Capital News Service
Information for all Michigan trails — including those on the water — would soon be available at the click of a button under legislation recently introduced by lawmakers.
That kind of accessibility is part of the Department of Natural Resource’s plan to attract tourists to Michigan’s trails by improving them and making them easier to find.
Lawmakers recently introduced a package of five bills that would label all state trails as Pure Michigan trails, use “trail towns” to connect trails between communities and make trail information available both on a computer and through an app.
The department worked closely with the Michigan Trails and Greenway Alliance to develop the plan and the legislation to implement it.
The legislation also includes a bill that would take the snowmobile specification out of the Michigan snowmobile and trails advisory council.
“We are trying to get away from the impression of putting one trail above the other,” said Rep. Tom Casperson, R-Escanaba who sponsored the bill. “All trails are important and should be looked at equally.”
The change is noncontroversial.
“The makeup of the council is still going to be the same and it will still be a committee that looks at trails in the state,” said Bill Manson, executive director of the Michigan Snowmobile Association. “We understand that other trail groups have had problems with the specification so we have no problem changing it.”
The legislation would also create a Pure Michigan water trail designation.
“Waterways should be recognized with activities like canoeing and kayaking,” Casperson said.
Michigan has some of the best statewide trail systems in the country, said Sen. Dave Hildenbrand, R-Lowell, a sponsor for one bill. “We wanted to enhance that by branding them with Pure Michigan.”
Michigan is the leading state in old railroad routes that have been converted into public trails, said Jim Radabaugh, state trails coordinator for the Department of Natural Resources. More than 2,700 miles of such rail trails have been created.
Many Michigan towns hope to take advantage of the increased tourism brought in by the trails.
“We promote Gaylord as an outdoors kind of town so we get a lot of hikers, bikers and snowmobilers that come through our trails year round so we definitely promote as much information as possible on Michigan trails,” said Pam Duczkowski, assistant director for the Gaylord Tourism Bureau. “We are all about anything that can help passing trail users take advantage of their time here.”

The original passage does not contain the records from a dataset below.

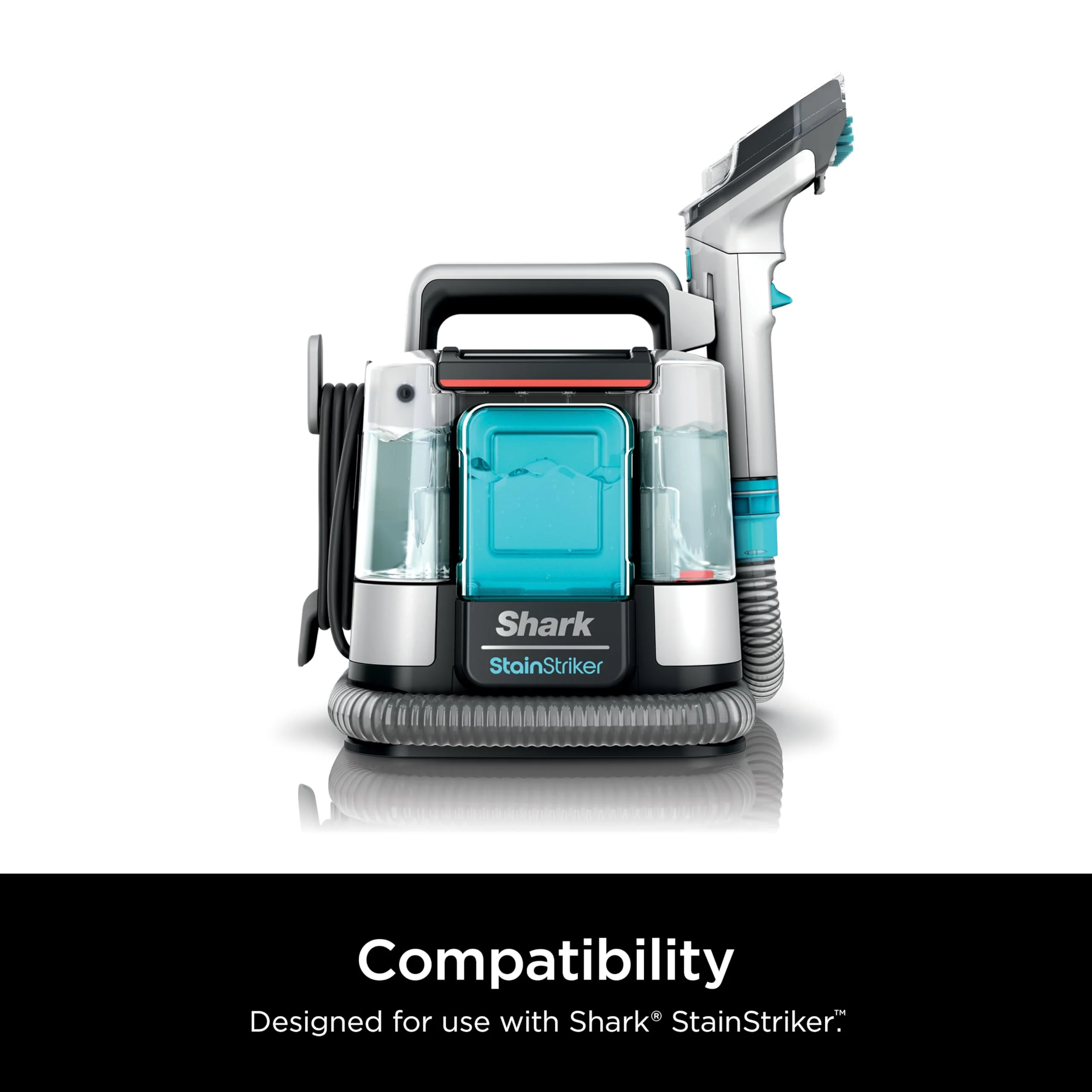Shark StainStriker Cleaning Solution Bundle for Portable Cleaners, Carpet and Area Rug Formula, Instantly Eliminates Odors, Includes 32 oz OXY Multiplier and 16 oz Deep Clean Solution, PXCMBUNDLE - Image 4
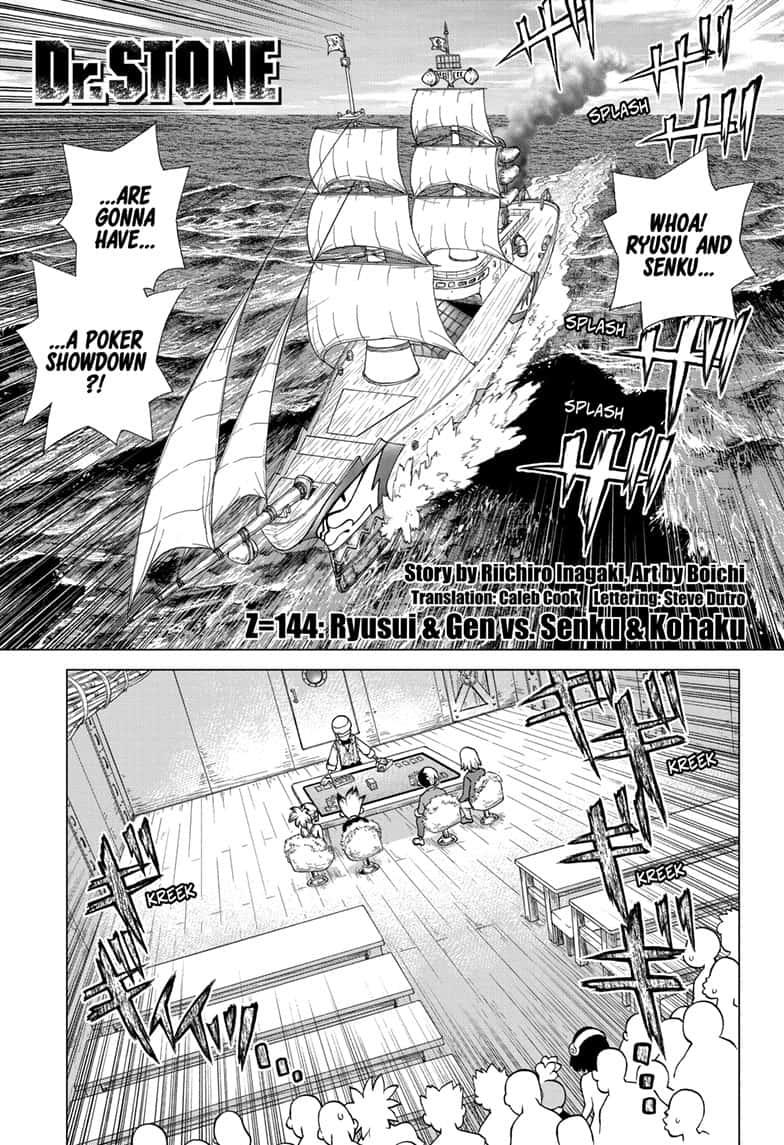 Dr.Stone, Chapter 144 image 01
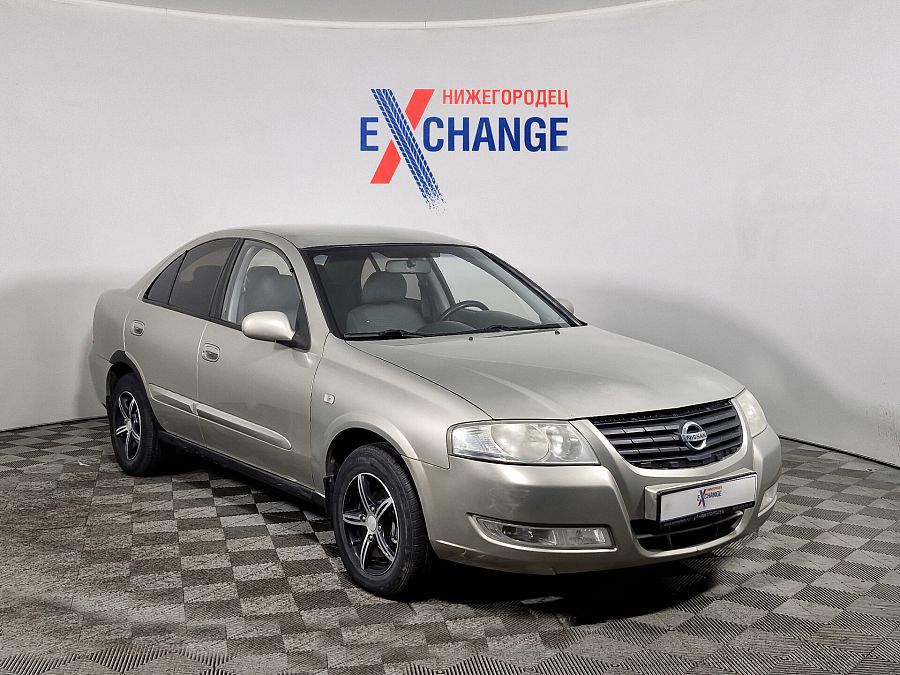 Nissan Almera Classic 1.6 MT (107 л.с.), 2007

The North Central State Trail passes from Gaylord to Cheboygan to Mackinac Island and is the main focus of the Land Information Access Association, a land planning organization, in establishing trail towns.
“The more connectedness we can develop among trails the better,” said Matt Cowall, communications and development director for the association. “Both rural and urban communities can take advantage of the fact that trails run through their area. Communities can look at ways to better serve trail users and make sure they know where to get whatever they need as they pass through the communities.”
The trails plan requires the Department of Natural Resources to develop a way for trail users to easily locate trails with a smartphone app and an online presence.
“There is a lot of trail information out there that is very hard to find and hardly anything on the Pure Michigan website on trails,” said Nancy Krupiarz, executive director of the Michigan Trails and Greenways Alliance. “We need to have a central landing page whether it links out to individual efforts or has all the information on one page. This will help elevate for tourism in Michigan.”
A state trails plan completed last fall meets the needs of all trails rather than just rail trails, Krupiarz said.
“There are motorcycle trails which are unique and narrower and hiking, biking and horse trails which all have growing industries that can be further expanded,” said Sen. Tom Casperson, R-Escanaba, who sponsored the legislation. “There is a lot of interest in these trails outside the state.”
Officials thought it was important to incorporate trail standards that would apply to all trails rather than just rail trails.
“We have all the different types of trails so we thought we should have the best practices for development and a gold standard for each type of trail,” Krupiarz said.
Michigan is following states like Kentucky, Maryland and Pennsylvania that have improved their trail programs to increase tourism, Krupiarz said.
The end game is being able to lay out what Michigan has to offer, where it is and how you do it for all to see, Casperson said.